[Source material]
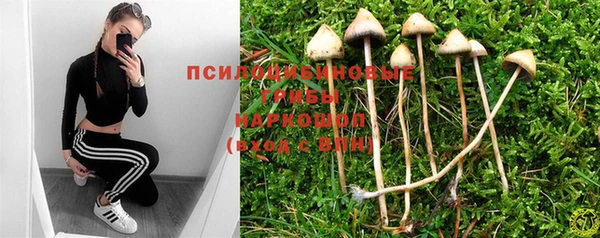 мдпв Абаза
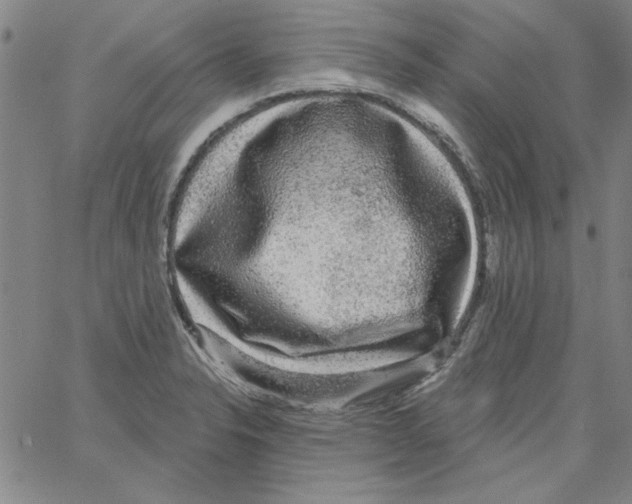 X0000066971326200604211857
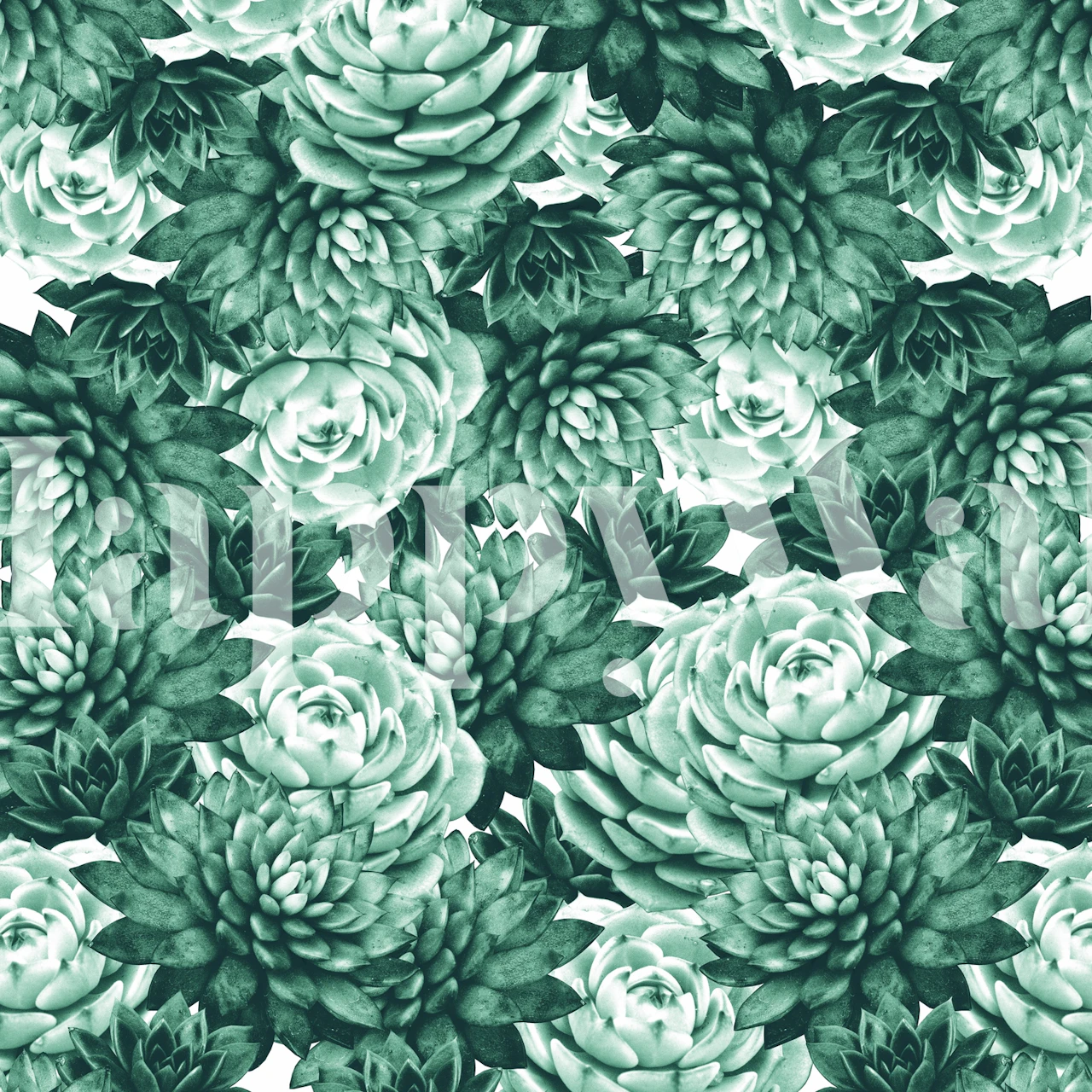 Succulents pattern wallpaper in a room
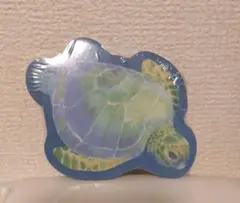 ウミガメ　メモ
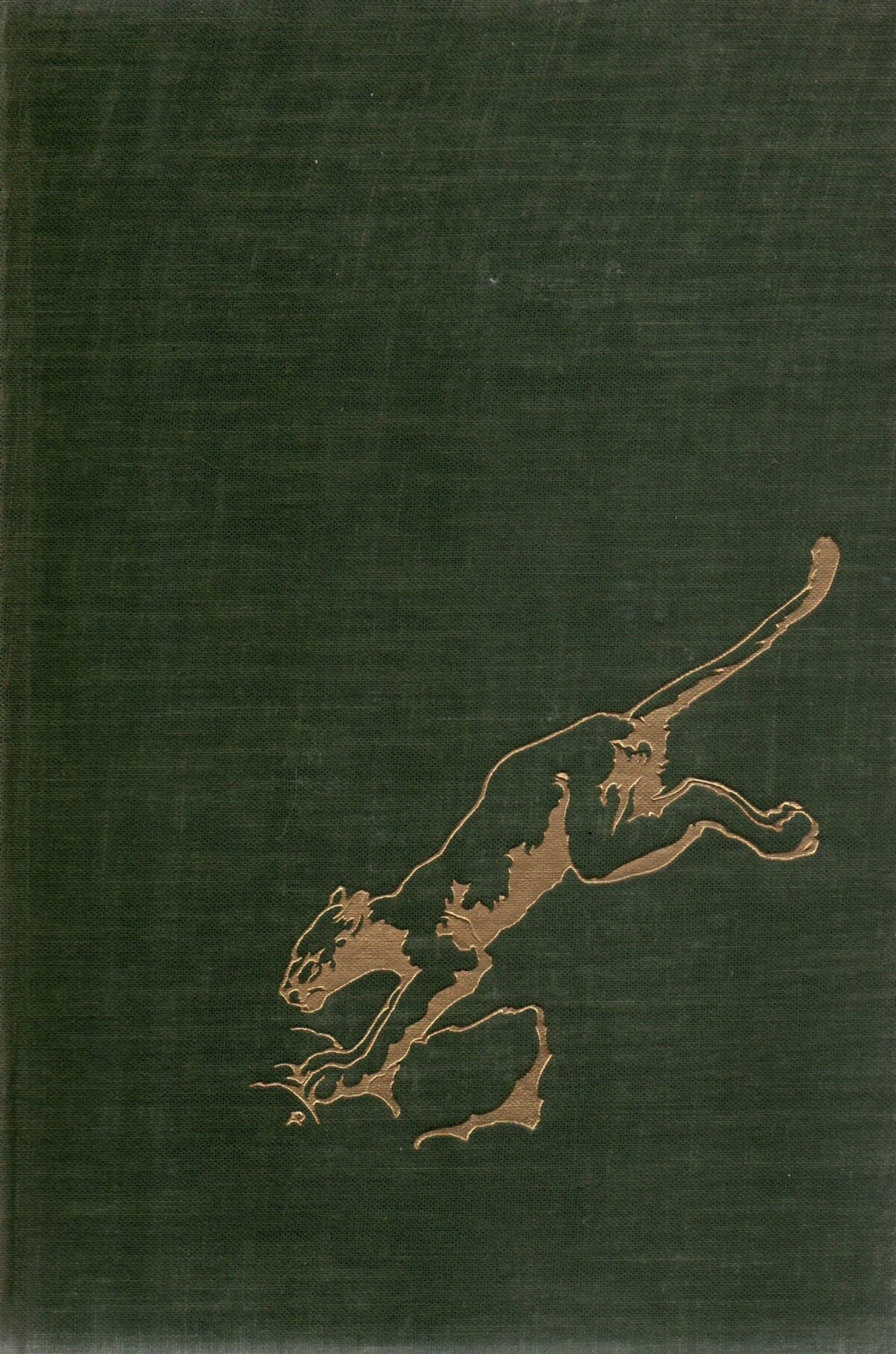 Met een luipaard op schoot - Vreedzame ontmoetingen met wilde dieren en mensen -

[Assignment] Leave out all pictures and extract exactly the lines from the line with "X0000066971326200604211857" through the end of the material.

[Reply to the task]
 X0000066971326200604211857
 Succulents pattern wallpaper in a room
 ウミガメ　メモ
 Met een luipaard op schoot - Vreedzame ontmoetingen met wilde dieren en mensen -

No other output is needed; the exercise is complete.